A few excellent works focus on the ways wolves are interpreted in myth and legend. Far above the rest is Lopez’s Of Wolves and Men, which looks in especially fine detail at the ways Plains Indians saw themselves in wolf behavior and describes how humans imitated and celebrated wolves in ritual and daily life. A second work—available only in French but well worth the effort—is Daniel Bernard’s L’Homme et le Loup (Paris: Berger-Levrault, 1981), which describes in rich detail European traditions of wolf legend, wolf lore, and wolf hunting.
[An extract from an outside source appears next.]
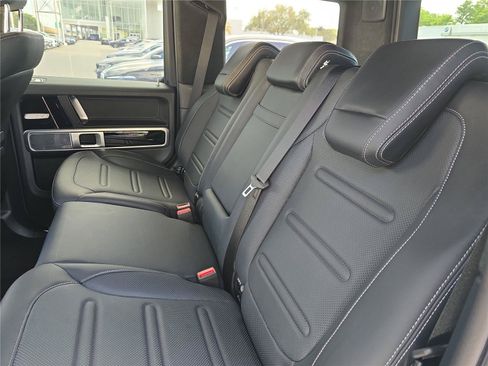 Used 2023 Mercedes-Benz G 550 image 10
Stanley Young and Edward Goldman’s The Wolves of North America (Washington, DC: The American Wildlife Institute, 1944) deserves mention here. As a collection of trappers’ lore and explorers’ tales it is still rich, colorful, and enjoyable reading. But it views the wolf chiefly as an economic factor in the lives of stock ranchers and deer hunters, and its anecdotal approach is far from reliable. If one reads Stanley Young’s Last of the Loners (New York: Macmillan, 1970), a collection of highly lurid anthropomorphic accounts of legendary stock-killing wolves of the West, one is less likely to trust Young at all.
APPENDIX 2
PLACES TO SEE WOLVES
As of 1994, the International Species Information System, a listing of the animals in member zoological collections, listed about three dozen zoos holding North American species of gray wolf, and a number of others holding red wolves. Dozens of additional zoos and nature centers not participating in this breeding registry also keep wolves. Wolves are therefore relatively common in North American zoos, but they are rarely displayed in such a way as to give a fair idea of the nature of the animal. A wolf’s most insistent natural quality is its motion, and the long-distance travel of a wild wolf is prohibited by the moats and cyclone fences of exhibits. Also, wolves tend to sleep most of the day in a zoo enclosure, and that makes them far less interesting to visitors.
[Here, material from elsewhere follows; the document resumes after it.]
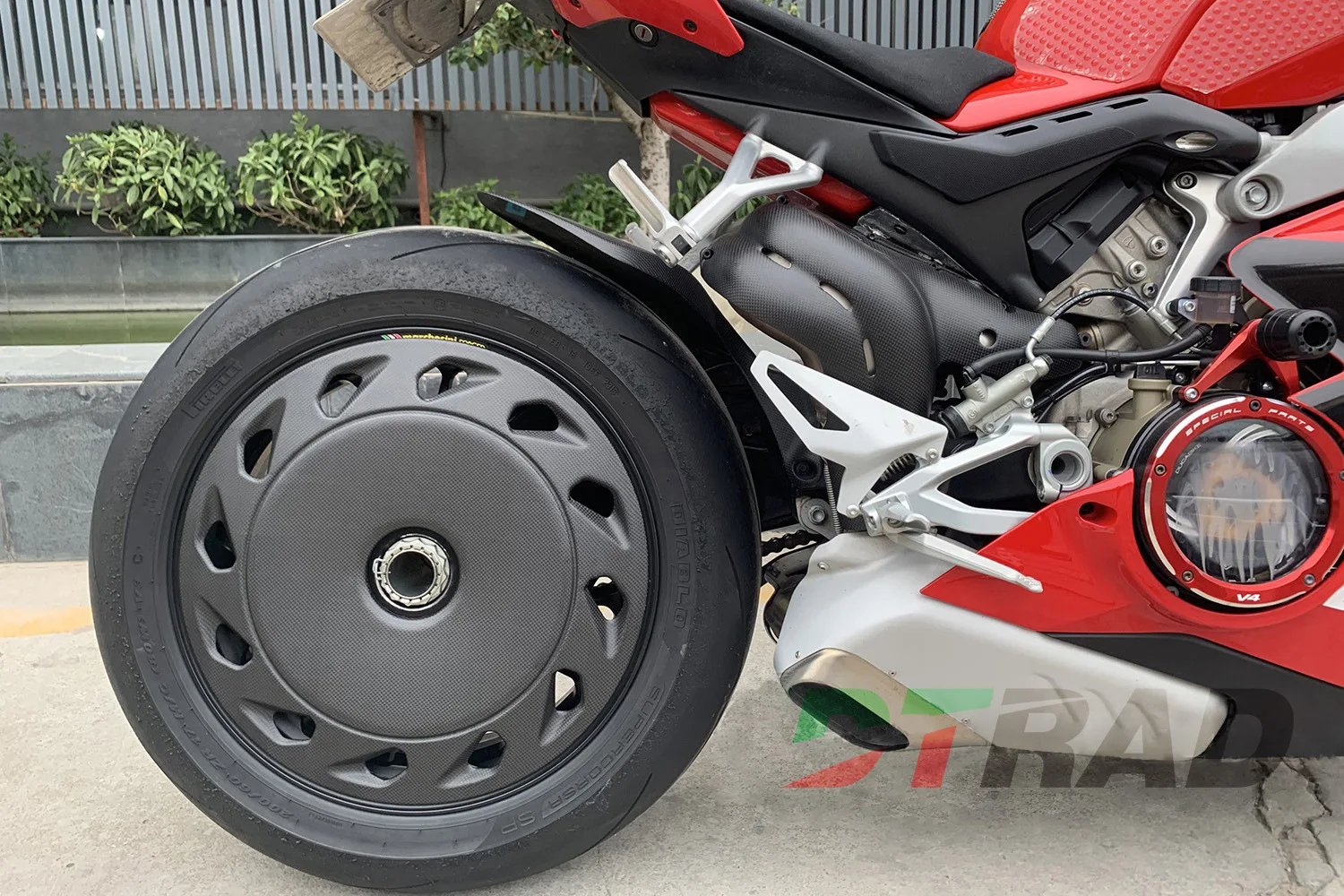 Рисунок 6 - Мотоцикл подходит для Ducati Street Fighter V4 V4S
The large metropolitan zoos have increasingly concentrated upon the breeding of endangered species as their chief mission, and in consequence they have been phasing out their timber-wolf exhibits. Explains Doris Applebaum, curator of mammals at the Detroit Zoo, “They’re not that endangered. And if you want to breed timber wolves, it is difficult to find a place to send the offspring.” Zoos have, where possible, substituted red wolves or Mexican wolves for forest and tundra subspecies of gray wolf. The San Diego Zoo no longer displays gray wolves, nor does the San Francisco Zoo, the Philadelphia Zoo, or the Detroit Zoo. Where wolves are still displayed, they tend to be put into large “wolf-woods” exhibits, where there is much space and lots of cover. Such exhibits tend to hide the animals from the visitors, and perhaps make the wolves less popular zoo attractions.
There are a handful of centers devoted exclusively to the study or educational display of captive wolves which welcome visitors and provide interpretive programs.
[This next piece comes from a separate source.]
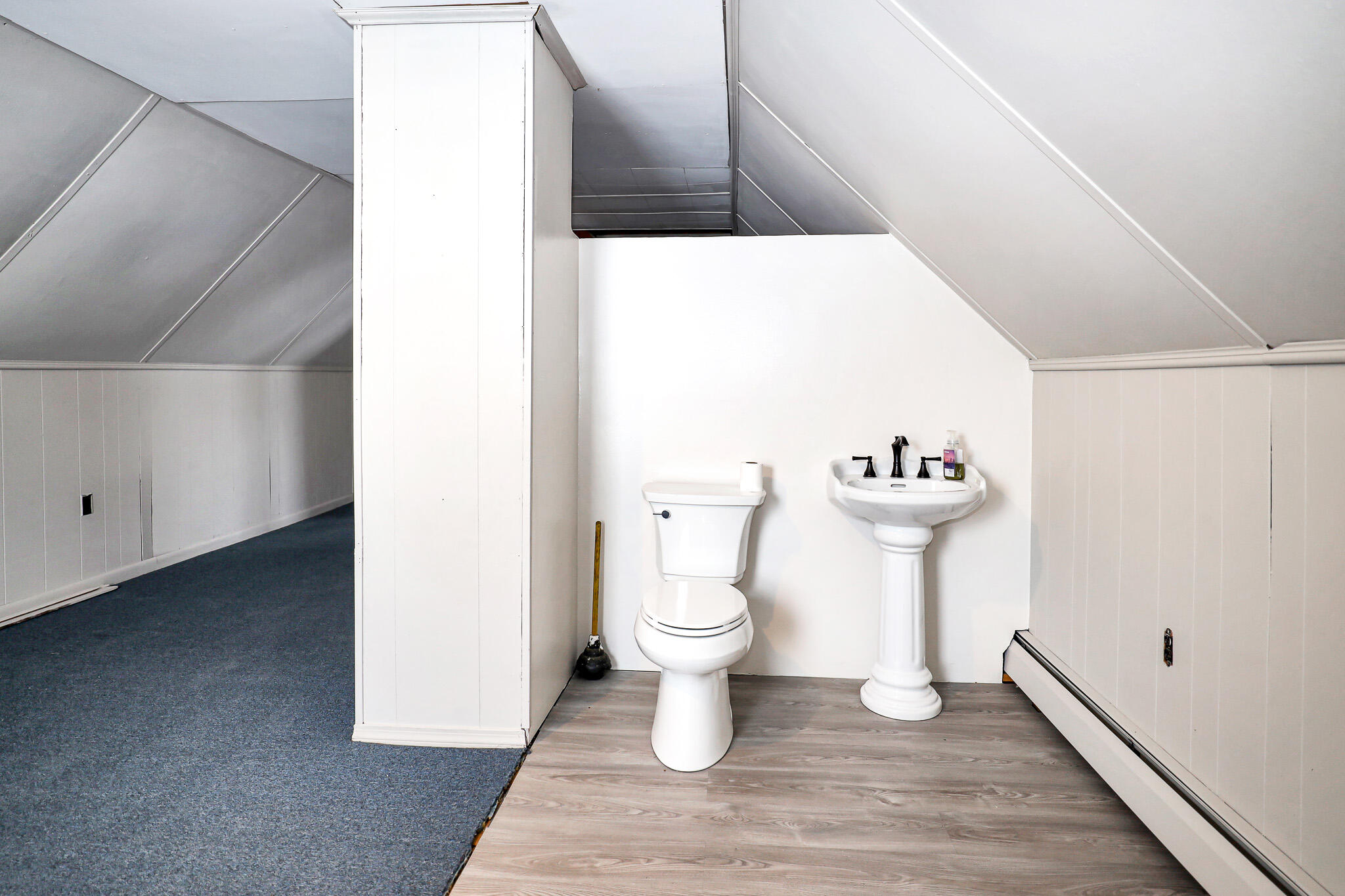 40 Pine Street Dixfield ME 04224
The International Wolf Center in Ely, Minnesota, has live wolves on display during summer months, and it is the permanent year-round home to the “Wolves and Humans” exhibit that helped interest the American public in returning wolves to Yellowstone. A membership organization, the center serves as an educational resource aimed at the conservation and understanding of wolves. It publishes a quarterly magazine which focuses on wolf research, conservation, and education.
Working with the International Wolf Center, Vermilion Community College, in Ely, Minnesota, conducts wolf-study weekends in winter months and week-long wolf-research expeditions in summer. On the winter weekends, participants go out at night to try to get wolves to reply to their howls, and ski or snowshoe to remote lakes to inspect fresh wolf kills. On some weekends, participants may take brief airplane flights to view previously located radio-collared wolves.
Wolf Haven, in Tenino, Washington, started as a home for wolves whose owners could not reorganize their lives to care for the animals, and by 1994 had thirty-nine captive wolves in spacious pens, full of trees and shrubs that give the wolves space and cover to get out of sight if they aren’t in the mood to deal with the daily human visitors. There are small white Arctic wolves and large gray-brindled plains wolves. Wolf Haven tries to pair all the wolves in the pens, to give them the close companionship of a mate. Tubal ligations and vasectomies are performed on the wolves to prevent breeding. Says Paul Joslin, director of research and education, “The intention is not to perpetuate the wolf-puppy mill.” About twenty thousand visitors tour Wolf Haven each year.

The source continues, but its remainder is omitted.